> **What you will do**: In the listing below, print exactly the lines between the line holding "Ac812042 Skraplacz Klimatyzacji" and the line holding "Meet your Posher, Solicited", inclusive, and no more.

> **Listed records**:
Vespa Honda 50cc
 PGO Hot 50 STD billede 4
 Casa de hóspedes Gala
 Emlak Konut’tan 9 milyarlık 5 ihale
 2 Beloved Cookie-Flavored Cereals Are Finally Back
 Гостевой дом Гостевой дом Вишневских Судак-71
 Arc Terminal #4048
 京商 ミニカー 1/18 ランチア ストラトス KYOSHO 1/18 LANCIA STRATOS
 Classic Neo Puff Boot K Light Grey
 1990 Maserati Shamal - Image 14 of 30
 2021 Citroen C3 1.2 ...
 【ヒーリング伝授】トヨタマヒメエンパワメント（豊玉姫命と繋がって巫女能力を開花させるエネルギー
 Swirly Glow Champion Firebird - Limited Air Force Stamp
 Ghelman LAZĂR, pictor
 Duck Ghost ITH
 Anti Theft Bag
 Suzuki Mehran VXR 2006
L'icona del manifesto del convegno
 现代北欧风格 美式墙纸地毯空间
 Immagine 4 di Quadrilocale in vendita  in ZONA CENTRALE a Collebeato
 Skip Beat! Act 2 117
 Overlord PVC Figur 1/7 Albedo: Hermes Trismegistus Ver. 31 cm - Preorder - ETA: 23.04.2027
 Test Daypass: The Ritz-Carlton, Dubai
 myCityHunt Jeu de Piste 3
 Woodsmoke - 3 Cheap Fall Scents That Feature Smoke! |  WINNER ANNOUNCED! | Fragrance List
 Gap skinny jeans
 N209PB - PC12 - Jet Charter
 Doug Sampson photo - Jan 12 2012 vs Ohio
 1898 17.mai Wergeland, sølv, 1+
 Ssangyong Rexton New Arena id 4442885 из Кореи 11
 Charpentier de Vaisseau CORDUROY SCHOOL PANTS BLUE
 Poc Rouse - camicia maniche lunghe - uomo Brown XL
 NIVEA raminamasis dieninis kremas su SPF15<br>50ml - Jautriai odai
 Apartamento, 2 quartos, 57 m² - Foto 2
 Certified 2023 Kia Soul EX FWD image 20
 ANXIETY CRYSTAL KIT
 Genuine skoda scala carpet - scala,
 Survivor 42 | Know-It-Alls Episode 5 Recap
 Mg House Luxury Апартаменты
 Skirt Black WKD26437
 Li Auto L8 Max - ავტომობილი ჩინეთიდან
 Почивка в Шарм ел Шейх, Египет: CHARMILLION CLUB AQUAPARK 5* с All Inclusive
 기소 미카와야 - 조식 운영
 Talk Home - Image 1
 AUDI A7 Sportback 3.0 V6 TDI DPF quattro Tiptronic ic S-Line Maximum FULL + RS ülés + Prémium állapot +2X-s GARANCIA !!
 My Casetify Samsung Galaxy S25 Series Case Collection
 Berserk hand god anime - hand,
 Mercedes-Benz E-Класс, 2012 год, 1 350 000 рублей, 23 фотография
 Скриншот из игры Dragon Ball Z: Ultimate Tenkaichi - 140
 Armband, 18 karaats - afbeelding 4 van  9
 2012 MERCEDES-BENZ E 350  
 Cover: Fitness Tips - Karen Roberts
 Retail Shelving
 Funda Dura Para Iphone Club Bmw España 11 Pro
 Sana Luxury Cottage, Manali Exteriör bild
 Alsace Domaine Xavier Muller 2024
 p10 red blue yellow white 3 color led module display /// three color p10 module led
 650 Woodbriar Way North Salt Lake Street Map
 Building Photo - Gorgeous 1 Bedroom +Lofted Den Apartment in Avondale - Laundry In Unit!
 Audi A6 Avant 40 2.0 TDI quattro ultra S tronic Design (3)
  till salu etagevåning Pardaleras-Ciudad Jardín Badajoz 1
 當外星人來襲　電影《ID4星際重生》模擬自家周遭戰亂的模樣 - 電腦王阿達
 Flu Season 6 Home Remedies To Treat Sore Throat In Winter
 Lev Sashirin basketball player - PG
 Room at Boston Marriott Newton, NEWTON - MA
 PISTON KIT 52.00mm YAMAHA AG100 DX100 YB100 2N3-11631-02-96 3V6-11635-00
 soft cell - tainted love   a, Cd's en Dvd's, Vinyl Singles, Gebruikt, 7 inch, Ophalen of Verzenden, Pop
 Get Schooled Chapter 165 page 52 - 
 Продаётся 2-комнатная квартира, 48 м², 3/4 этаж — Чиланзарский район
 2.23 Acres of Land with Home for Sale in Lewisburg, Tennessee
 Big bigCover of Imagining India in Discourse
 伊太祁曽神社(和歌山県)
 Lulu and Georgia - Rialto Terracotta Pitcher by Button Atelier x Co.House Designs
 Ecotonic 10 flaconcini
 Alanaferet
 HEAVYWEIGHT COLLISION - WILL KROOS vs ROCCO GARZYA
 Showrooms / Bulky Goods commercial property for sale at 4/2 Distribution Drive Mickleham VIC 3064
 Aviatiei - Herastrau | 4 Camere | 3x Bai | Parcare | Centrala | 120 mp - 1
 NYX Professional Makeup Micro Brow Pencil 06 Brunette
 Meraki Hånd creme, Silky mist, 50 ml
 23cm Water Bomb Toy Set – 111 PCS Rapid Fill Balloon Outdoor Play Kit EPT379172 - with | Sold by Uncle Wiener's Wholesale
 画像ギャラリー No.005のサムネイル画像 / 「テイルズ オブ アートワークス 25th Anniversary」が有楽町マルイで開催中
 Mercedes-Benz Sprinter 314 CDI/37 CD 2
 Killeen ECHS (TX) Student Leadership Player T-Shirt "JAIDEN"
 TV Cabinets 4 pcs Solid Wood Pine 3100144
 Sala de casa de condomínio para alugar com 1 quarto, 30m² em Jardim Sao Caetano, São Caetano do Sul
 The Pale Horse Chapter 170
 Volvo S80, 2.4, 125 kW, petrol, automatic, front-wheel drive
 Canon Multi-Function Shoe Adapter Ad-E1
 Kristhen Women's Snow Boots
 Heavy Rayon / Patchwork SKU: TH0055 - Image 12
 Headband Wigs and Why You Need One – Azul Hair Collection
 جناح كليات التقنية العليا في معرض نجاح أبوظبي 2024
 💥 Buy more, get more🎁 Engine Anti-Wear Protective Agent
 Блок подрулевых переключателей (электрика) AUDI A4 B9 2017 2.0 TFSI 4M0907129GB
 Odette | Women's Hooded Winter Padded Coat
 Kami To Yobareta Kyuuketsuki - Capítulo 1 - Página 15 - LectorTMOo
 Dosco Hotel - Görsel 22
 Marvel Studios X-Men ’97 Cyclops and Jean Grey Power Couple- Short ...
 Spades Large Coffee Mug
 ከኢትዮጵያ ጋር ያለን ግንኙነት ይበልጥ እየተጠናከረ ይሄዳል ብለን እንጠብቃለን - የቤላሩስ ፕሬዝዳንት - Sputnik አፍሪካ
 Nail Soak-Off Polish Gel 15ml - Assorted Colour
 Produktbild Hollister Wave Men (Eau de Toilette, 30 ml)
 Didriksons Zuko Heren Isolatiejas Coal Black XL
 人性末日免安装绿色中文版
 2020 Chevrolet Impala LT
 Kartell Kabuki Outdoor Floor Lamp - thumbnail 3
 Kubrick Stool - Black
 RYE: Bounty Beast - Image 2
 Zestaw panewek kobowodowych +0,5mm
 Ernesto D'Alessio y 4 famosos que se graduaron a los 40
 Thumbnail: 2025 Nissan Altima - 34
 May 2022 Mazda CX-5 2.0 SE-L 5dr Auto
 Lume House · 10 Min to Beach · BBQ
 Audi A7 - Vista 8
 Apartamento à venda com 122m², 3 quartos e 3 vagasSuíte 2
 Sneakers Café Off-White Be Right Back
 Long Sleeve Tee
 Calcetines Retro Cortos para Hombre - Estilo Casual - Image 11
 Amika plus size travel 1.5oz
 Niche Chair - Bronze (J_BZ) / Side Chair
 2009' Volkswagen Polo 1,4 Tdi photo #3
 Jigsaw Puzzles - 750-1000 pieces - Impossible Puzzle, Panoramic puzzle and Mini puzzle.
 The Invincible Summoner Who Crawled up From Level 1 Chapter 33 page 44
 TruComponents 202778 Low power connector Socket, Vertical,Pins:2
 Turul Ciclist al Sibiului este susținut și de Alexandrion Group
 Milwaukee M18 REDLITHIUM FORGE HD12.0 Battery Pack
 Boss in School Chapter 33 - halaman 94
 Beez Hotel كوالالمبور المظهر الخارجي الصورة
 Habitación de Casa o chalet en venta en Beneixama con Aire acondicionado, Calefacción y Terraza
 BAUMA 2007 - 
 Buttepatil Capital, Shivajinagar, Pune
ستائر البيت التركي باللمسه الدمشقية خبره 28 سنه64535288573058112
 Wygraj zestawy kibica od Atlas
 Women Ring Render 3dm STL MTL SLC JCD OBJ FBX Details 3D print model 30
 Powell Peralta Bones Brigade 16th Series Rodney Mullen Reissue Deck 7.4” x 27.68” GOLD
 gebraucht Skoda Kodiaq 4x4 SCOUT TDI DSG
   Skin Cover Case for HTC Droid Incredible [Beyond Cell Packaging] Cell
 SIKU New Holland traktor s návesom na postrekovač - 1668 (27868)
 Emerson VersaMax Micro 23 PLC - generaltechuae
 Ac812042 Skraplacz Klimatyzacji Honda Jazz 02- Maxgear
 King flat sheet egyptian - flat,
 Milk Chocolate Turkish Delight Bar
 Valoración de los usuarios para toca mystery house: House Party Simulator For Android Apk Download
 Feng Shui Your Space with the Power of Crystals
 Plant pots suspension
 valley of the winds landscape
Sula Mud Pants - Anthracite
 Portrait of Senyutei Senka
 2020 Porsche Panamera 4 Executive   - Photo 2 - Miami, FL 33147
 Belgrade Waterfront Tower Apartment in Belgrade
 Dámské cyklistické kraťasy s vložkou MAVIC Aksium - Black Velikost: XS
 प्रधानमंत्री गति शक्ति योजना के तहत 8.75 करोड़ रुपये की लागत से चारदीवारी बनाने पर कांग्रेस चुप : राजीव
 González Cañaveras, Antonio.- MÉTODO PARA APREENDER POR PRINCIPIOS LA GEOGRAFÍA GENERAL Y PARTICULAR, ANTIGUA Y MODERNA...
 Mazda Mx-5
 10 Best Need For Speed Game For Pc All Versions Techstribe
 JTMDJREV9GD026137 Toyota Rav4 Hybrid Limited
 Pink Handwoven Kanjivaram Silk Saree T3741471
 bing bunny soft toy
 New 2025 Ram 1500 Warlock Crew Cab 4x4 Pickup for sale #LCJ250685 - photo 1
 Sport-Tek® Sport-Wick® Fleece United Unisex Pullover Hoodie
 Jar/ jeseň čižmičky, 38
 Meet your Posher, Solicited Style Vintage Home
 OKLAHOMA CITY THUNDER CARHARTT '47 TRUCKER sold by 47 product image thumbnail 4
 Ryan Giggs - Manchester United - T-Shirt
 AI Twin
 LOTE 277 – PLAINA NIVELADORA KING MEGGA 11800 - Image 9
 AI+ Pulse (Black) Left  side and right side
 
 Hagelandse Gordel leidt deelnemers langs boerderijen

> **Response to the exercise**:
 Ac812042 Skraplacz Klimatyzacji Honda Jazz 02- Maxgear
 King flat sheet egyptian - flat,
 Milk Chocolate Turkish Delight Bar
 Valoración de los usuarios para toca mystery house: House Party Simulator For Android Apk Download
 Feng Shui Your Space with the Power of Crystals
 Plant pots suspension
 valley of the winds landscape
Sula Mud Pants - Anthracite
 Portrait of Senyutei Senka
 2020 Porsche Panamera 4 Executive   - Photo 2 - Miami, FL 33147
 Belgrade Waterfront Tower Apartment in Belgrade
 Dámské cyklistické kraťasy s vložkou MAVIC Aksium - Black Velikost: XS
 प्रधानमंत्री गति शक्ति योजना के तहत 8.75 करोड़ रुपये की लागत से चारदीवारी बनाने पर कांग्रेस चुप : राजीव
 González Cañaveras, Antonio.- MÉTODO PARA APREENDER POR PRINCIPIOS LA GEOGRAFÍA GENERAL Y PARTICULAR, ANTIGUA Y MODERNA...
 Mazda Mx-5
 10 Best Need For Speed Game For Pc All Versions Techstribe
 JTMDJREV9GD026137 Toyota Rav4 Hybrid Limited
 Pink Handwoven Kanjivaram Silk Saree T3741471
 bing bunny soft toy
 New 2025 Ram 1500 Warlock Crew Cab 4x4 Pickup for sale #LCJ250685 - photo 1
 Sport-Tek® Sport-Wick® Fleece United Unisex Pullover Hoodie
 Jar/ jeseň čižmičky, 38
 Meet your Posher, Solicited Style Vintage Home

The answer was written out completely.